I went from waiting for biopsy results, Mama’s first cancer scare, to biopsy-induced bleeding. My doctor said the heavy bleeding was most likely from the fibroids that are not growing but are pressing on my uterus and when I menstruate are causing heavy periods. These were my options. Can you guess the first one? A hysterectomy. Absolutely nothing wrong with me but since those pesky periods were annoying, let’s just take out that uterus of yours. Nope. Pass. Next, up, we can go in and surgically burn them to make them smaller. Lastly, we can just put you on some low dose progesterone birth control pills. Yes, I said. I will take option C. Also, why was the least invasive option given last?

READ ALSO: How to Explain Where Babies Come From

The catch was that I couldn’t start my birth control pills until I started my next regularly scheduled period. Which never came. Three months later, walking around feeling 13 months pregnant because I was so bloated I called my doctor and gave her the scoop. She said these things can happen. My uterus and cervix got all freaked out from the biopsy and like an anorexic’s body goes into starvation mode and tries to hoard calories, my uterus and ovaries were holding on to my eggs and lining like they were the last in the world.

Finally, I had a period. Oh and if I thought the “heavy” periods of before were bothersome, let me tell you what 3 months of built-up uterine lining exiting your body feels like. It was painful and “heavy” can not even come close to describing what happened to me. I was afraid to leave my house. It was like having spastic bowels but in your vagina.

I stuck it out for 3 months but basically, it felt like I was hemorrhaging all month long and remember the severe anemia I had? It’s back with a vengeance because my gynecologist made the connection, the uterine fibroids are causing the heavy bleeding which is causing the anemia. Iron and I are in it for the long haul.

I started getting depressed, remember the old nurse who asked me if I was perimenopausal at that last visit? Yeah, I just called her old because she called me perimenopausal. Well, I started thinking maybe I was and if I was, there is no way I will survive menopause. No effing way I can go 3 months without a period and feel like a Thanksgiving day parade balloon or bleed out for weeks at a time. My anemia got so bad I was having blurry vision and feeling fainty.

I quit the birth control and just like when I got the biopsy, my angry cervix and uterus got together and mutinied on me and had some weird rando 5 day period like experience and this past Saturday ( while I was on vacation because my period has wanderlust) I get my period…28 days later. Is it just me or do you see why they named that zombie movie what they did?

Anyways, the day I got my biopsy, I had spoken to my bestie (who is also a doctor) and she told me that she was having a hysterectomy and getting herself some of those fancy newfangled floating ovaries and I should do the same because periods are for losers. I felt kind of peer pressured, like in high school when some cool kid offered you a blunt at a house party and you didn’t puff and you just gave but you second-guessed that decision for the rest of high school. Maybe floating ovaries are for me?
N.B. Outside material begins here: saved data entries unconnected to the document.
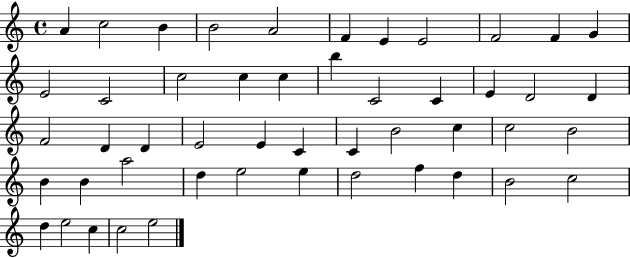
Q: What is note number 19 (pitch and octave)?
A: C4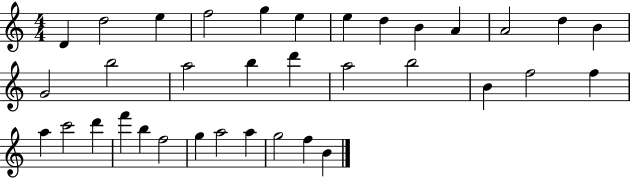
X:1
T:Untitled
M:4/4
L:1/4
K:C
D d2 e f2 g e e d B A A2 d B G2 b2 a2 b d' a2 b2 B f2 f a c'2 d' f' b f2 g a2 a g2 f B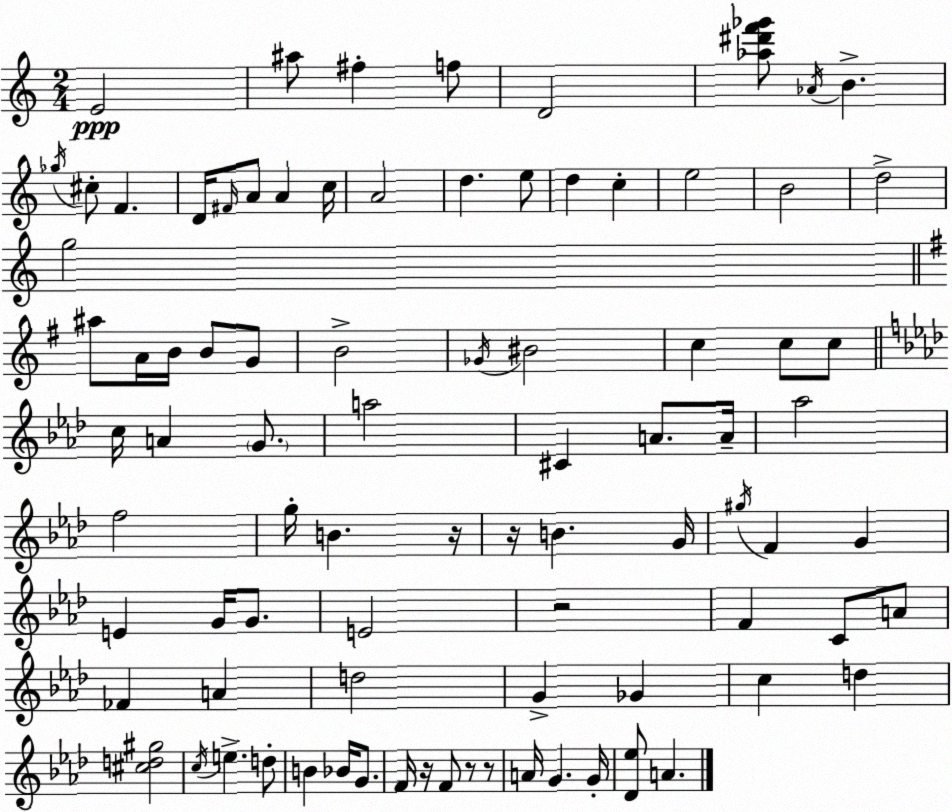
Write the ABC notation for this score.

X:1
T:Untitled
M:2/4
L:1/4
K:C
E2 ^a/2 ^f f/2 D2 [_a^d'f'_g']/2 _A/4 B _g/4 ^c/2 F D/4 ^F/4 A/2 A c/4 A2 d e/2 d c e2 B2 d2 g2 ^a/2 A/4 B/4 B/2 G/2 B2 _G/4 ^B2 c c/2 c/2 c/4 A G/2 a2 ^C A/2 A/4 _a2 f2 g/4 B z/4 z/4 B G/4 ^g/4 F G E G/4 G/2 E2 z2 F C/2 A/2 _F A d2 G _G c d [^cd^g]2 c/4 e d/2 B _B/4 G/2 F/4 z/4 F/2 z/2 z/2 A/4 G G/4 [_D_e]/2 A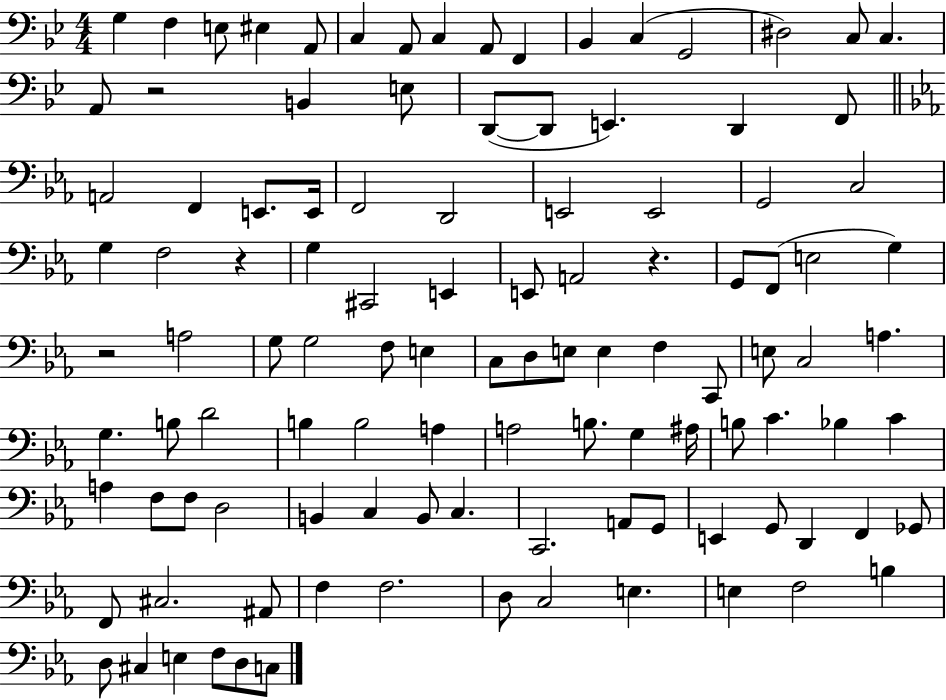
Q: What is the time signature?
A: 4/4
But then, if I let them take my uterus the terrorists win and by the terrorists, I mean that fucking 60-something-year-old nurse who asked me if I was perimenopausal. I got really offended, and now, I just want to keep having my 28-day cycle forever and hear my gynecologist tell me that I have the uterus of a 25 -year-old.

I guess the moral of the story is don’t complain about a 5-day “heavy” period because it could be way worse, by like 3 months. And also, even though I know all the cool kids are doing it, I’m not sure floating ovaries are for me…yet. What about you?

Has your gynecologist offered you vaginal rejuvenation with a side of hysterectomy?